Fracture Network Characterization: From Active Mine Sites to Subsurface Geological Models

Tuesday, October 3, 2017: 10:50 a.m.
Alena Grechishnikova , Department of Geophysics, Colorado School of Mines, Golden, CO
Michael Hanley , Field Applications Group - R&D, Terra Intel, LLC., Golden, CO

Accurate characterization of fracture networks is an important component in developing 3D geological models that predict the pathways for the interaction of surface waters and groundwater resources at mining sites. Natural resources managers dealing with source water protection, watershed management, and environmental compliance monitoring can benefit from the integration of new technologies to map discontinuities (fractures, joints, etc.) in geological reservoirs.

To better understand the character of natural fracture networks at an active quarry research site located in a structurally complex setting the authors collected a dataset comprised of fracture plane orientations, fracture intensity variations, geologic framework, and lithofacies. The application of unmanned aerial vehicles (UAVs), LIDAR (Light Detection and Ranging) and photogrammetry allowed for collection of a high fidelity, high confidence geotechnical dataset.

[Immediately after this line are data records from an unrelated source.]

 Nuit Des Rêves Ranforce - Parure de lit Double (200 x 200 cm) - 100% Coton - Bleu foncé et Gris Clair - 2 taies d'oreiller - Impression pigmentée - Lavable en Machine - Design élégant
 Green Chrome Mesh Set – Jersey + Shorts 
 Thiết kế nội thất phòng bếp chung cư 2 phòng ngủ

The purpose of this research was to use an outcrop derived dataset to propagate fracture networks into the subsurface and analyze potential zones of high permeability contributing to water discharges. Multiple fracture sets were identified. Listric faults associated with negative flower structures show increased fracture intensity near the fault zones. Fracture sets remain consistent throughout the interbedded chalks, marls, and limestones. However, there is an apparent variability of fracture spacing associated with changes in lithology. In order to better analyze fracture patterns and fracture drivers a 3D geological model consisting of structural framework, lithofacies model, and discrete fracture network (DFN) was developed. The incorporation of high resolution data into subsurface reservoir models improved the mapping capability for fluid migration pathways. The resulting reservoir model contributed to a better understanding of surface water and groundwater interactions allowing for improved water resource management, source water protection, and mine planning.

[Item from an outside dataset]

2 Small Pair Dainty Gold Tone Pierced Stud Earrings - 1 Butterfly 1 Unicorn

Alena Grechishnikova, Department of Geophysics, Colorado School of Mines, Golden, CO
Alena is currently a PhD candidate and a Research Assistant at Reservoir Characterization Project (RCP), Colorado School of Mines. Prior to joining School of Mines she obtained her Bachelor’s and Master’s Degrees in Geophysical Engineering from Gubkin State University of Oil and Gas, Moscow, Russia. Alena has over 8 years of professional work experience. Her goal is successful integration of multidiscipline research teams of geoscience experts focused on reservoir characterization. Alena’s research focus is natural fracture prediction and modeling, including understanding of fracture drivers (such as structural deformations and fracture prone facies) through the creation of geological models.


Michael Hanley, Field Applications Group - R&D, Terra Intel, LLC., Golden, CO
Mike is the CEO and a founding member of Terra Intel, LLC. He earned dual MS in Geophysics and Geology from Duke University. He has over 17 years of experience integrating remote sensing, UAVs, and exotic sensors for geoscience applications.